Volume rendering of the expert annotation (left) and the network prediction (right). The binary masks were multiplied with the HR-pQCT volume to yield the respective bone volumes. Note that the rendering of the prediction appears slightly degraded due to the up-sampling as part of the post-processing pipeline. The bones were rendered using MeVisLab version 3.1.0 (https://www.mevislab.de/).

Time to measurement

In the following, all steps of the manual pipeline were compared with the fully automatic pipeline depicted in Fig. 1 with respect to the time requirements.

Image acquisition

The image acquisition was equal for the manual and the fully automatic pipeline.
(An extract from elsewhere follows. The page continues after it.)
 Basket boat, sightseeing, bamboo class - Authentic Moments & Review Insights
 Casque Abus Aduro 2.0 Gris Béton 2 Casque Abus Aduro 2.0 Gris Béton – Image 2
However, in order to compare the two pipelines, all the respective steps have to be considered for a complete comparison of the time requirements. The fixation and the scanning of the patient’s hand took 8.4 min16.

Segmentation

For the 2D U-Net, the network-based pipeline took on average 33.45 s (SD 0.08). The 3D U-Net slightly surpassed the 2D U-Net with an average of 32.98 s (SD 0.09). The comparison of the semi-automatic segmentation and the network-based segmentation is shown in Table 2 in the Segmentation row.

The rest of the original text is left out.